Sixty years ago, Martin Luther King made his earth-shattering “I Have a Dream” speech on the steps of the Lincoln Memorial in Washington DC.
Is there anybody who watches and listens to it on YouTube not moved to the soles of their shoes? I've heard it a hundred times and still it stirs me. His dream that one day his children would “not be judged by the colour of their skin but by the content of their character” is one of the greatest lines in all oratory. The south of the US, he said, was “sweltering with the heat of injustice, sweltering with the heat of oppression”.
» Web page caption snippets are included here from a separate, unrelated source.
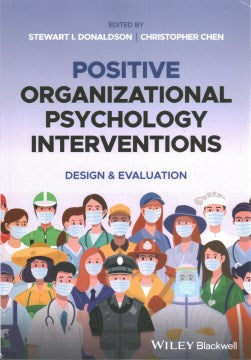 Positive Organizational Psychology Interventions - MPHOnline.com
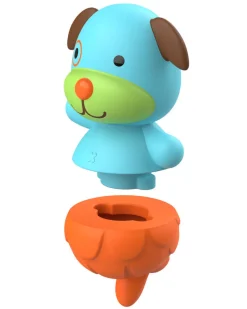 Skip Hop ZOO Mix & Match Flippers - Monkey & Dog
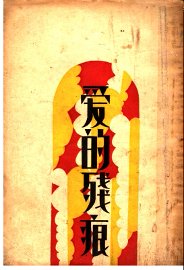 爱的残痕  第3版 - 封面图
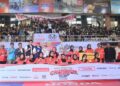 Apresiasi Honda DBL West Sumatera 2024, Pj Wako Padang Berharap Lahir Bibit Pebasket Handal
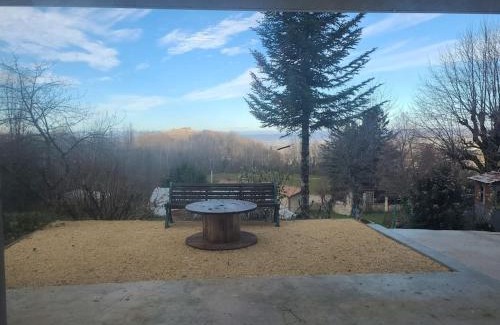 Hostun Casa | Gite spa blanche neige vercors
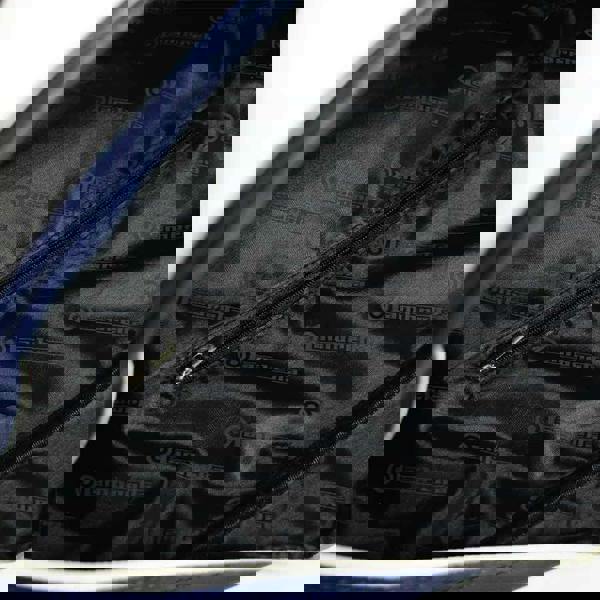 Lambretta Classic Retro Messenger Shoulder Laptop Tablet Body Strap Bag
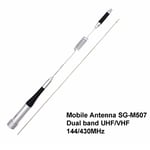 SG-M507 144/430MHz Dual Band Mobile Radio Antenna for Car Radio Walkie Talkie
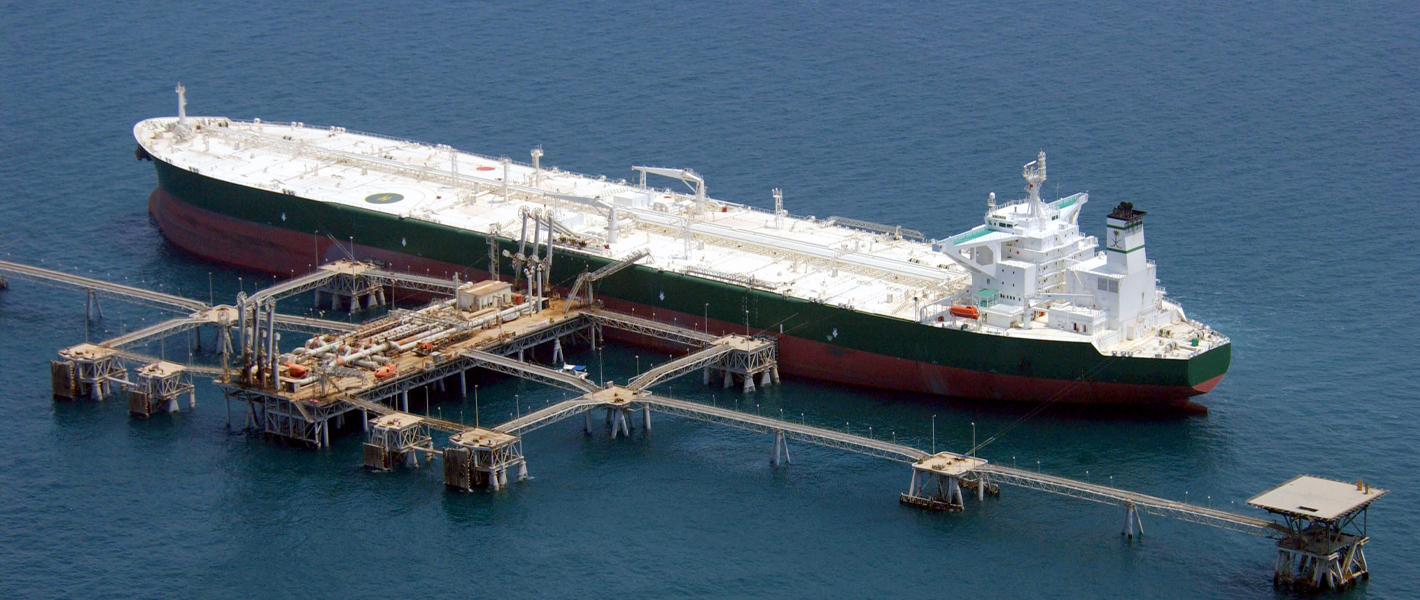 Chargement de p&eacute;troliers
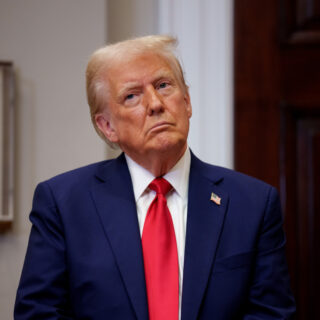 Trump warns that ending tariffs would "destroy United States of America" after massive blow dealt by appeal court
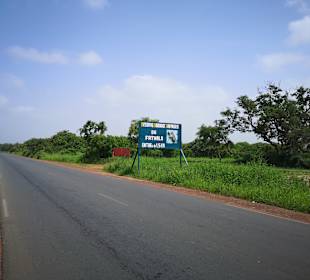 Fathala Wildlife Reserve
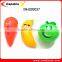 2015 CARTOON FRUIT AND VEGETABLE SOFT TOY FOR KID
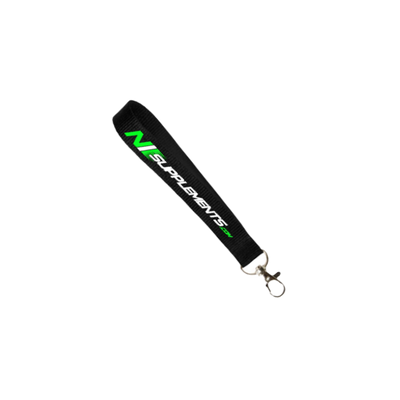 NI Supplements Lanyard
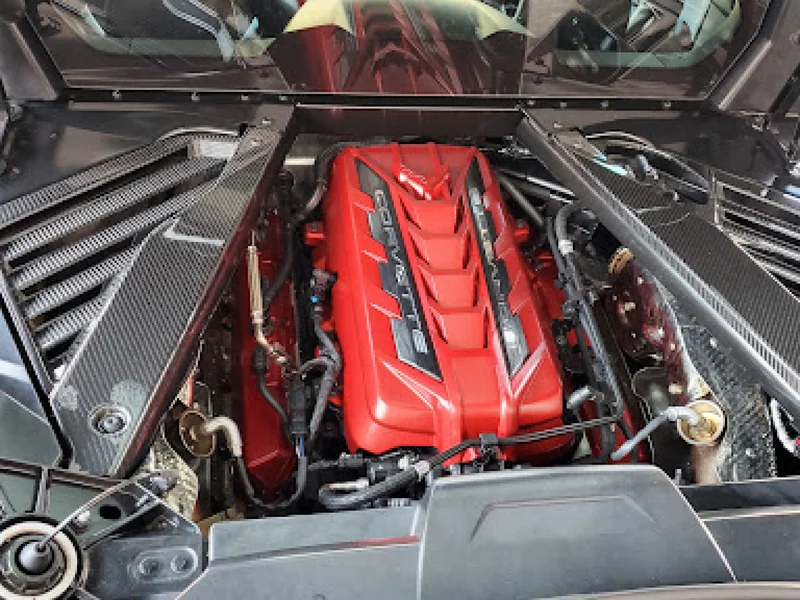 2022 Chevrolet Corvette 2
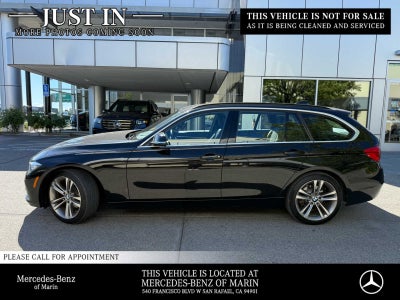 2017 BMW 330i xDrive 330i xDrive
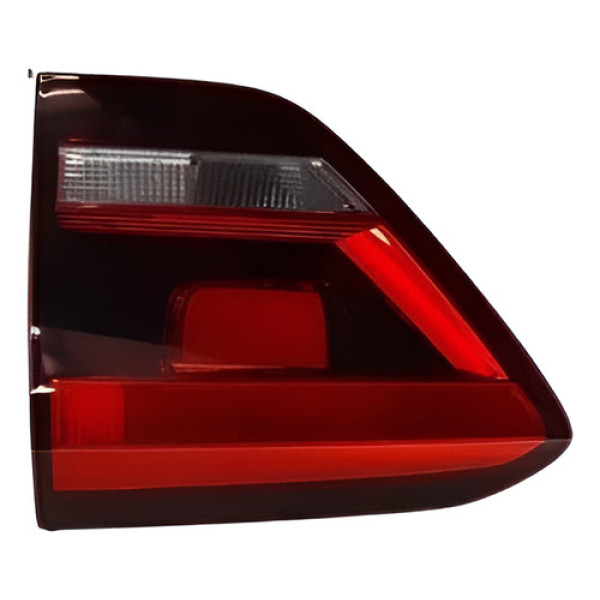 Lanterna Direita Tampa Traseira Fox Msi 2016 2400508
Within ten years of the end of America's civil war, supposedly fought over the issue of slavery, southern white Democrats had established state constitutions that stripped black citizens of their newly won political rights. Terrorist groups like the Klu Klux Klan destroyed black schools and churches and murdered at will. At the time of Dr King's speech, they were still doing it. Three weeks after his speech Klansman bombed a Baptist Church in Birmingham, Alabama, killing four little girls.
At the time of the March on Washington I was working in Africa. But at the next great event in the civil rights movement in 1965 I was there- in Selma, where Dr King led marchers from the segregated town- where a black couldn't even sit in the same cafe as a white to drink a cup of coffee- to the state capital of Montgomery. After the police had tear gassed, badly beaten, whipped and cattle prodded the hundreds who first marched, tens of thousands flooded in from the four corners of America to join the march. Again, Dr King spoke. Again, America shuddered. Within a week President Lyndon Johnson had announced he was sending to Congress a bill that would remove all impediments to voting by black people.
It was President Johnson, the same president who engulfed America in the bestial Vietnam War, who rammed this bill through Congress and before that had rammed through the Civil Rights Act that made illegal all discrimination in restaurants, bars, transport, public seating, educational institutions and jobs.
This was the revolution but after that, let us not forget, the media almost lost interest in Dr King. I worked for him when he moved his campaign out of the south to Chicago where, despite blacks long having the vote, they still lived in ghetto slums, went to inferior schools and whose only significant middle class were the priests, teachers and preachers tending to their flocks. We lived and did the same work in those ghettos that a young Barack Obama did a generation later- organising tenants to confront their landlords, persuading the notorious gangs to lay down their arms and marching into white neighbourhoods where homeowners made sure no blacks moved in. We made some progress, but the north proved a tougher nut to crack than the south. I remember sitting in staff meetings in Dr King's small apartment in a slum neighbourhood with him frustrated and searching out loud for us to find a way to crack that nut.
The nation's press, when not ignoring Dr King, gave him a hard time, saying he had lost his touch. Their attention turned towards those who advocated a harder line, even violence- Malcolm X, Stokely Carmichael and the armed Black Panthers. This was better copy than non-violence. Later when Dr King opposed the Vietnam War the New York Times editorialised that the civil rights and the anti-war movements should not be mixed. (“I didn't mix them, the war mixed them”, replied Dr King.) Even the white liberals were deserting him- the cruelty of American, white-dominated, politics which is now conveniently forgotten and covered over.
But 60 years later we can measure the legacy of Dr King. No one else in American history, and perhaps the history of the world, has achieved so much social engineering in such a short time. He was responsible for the advance of the underdogs of society at an incredible speed. Who would have thought there could be a black president?
Who would have thought that the lives of blacks could change so profoundly? In 1959, 55% of blacks lived in poverty. By 2021 it was down to 19.5%. Most blacks are not poor. In 1959 only 4.5% of young blacks had graduated from college. In 2021, 23% of blacks went to university or college. 13% of members of the House of Representatives are black- about equal to the total share of blacks in in the U.S.. Blacks have become the top bosses of major world companies and occupied the highest posts in government, diplomacy, academia, business, banking and the military. The middle class has mushroomed. Blacks have much more self-confidence and self-esteem.
There is a list, a page long, of what is still wrong and grossly unfair. But the train of black progress left the station a long time ago- and it is still picking up speed. Listen to that speech!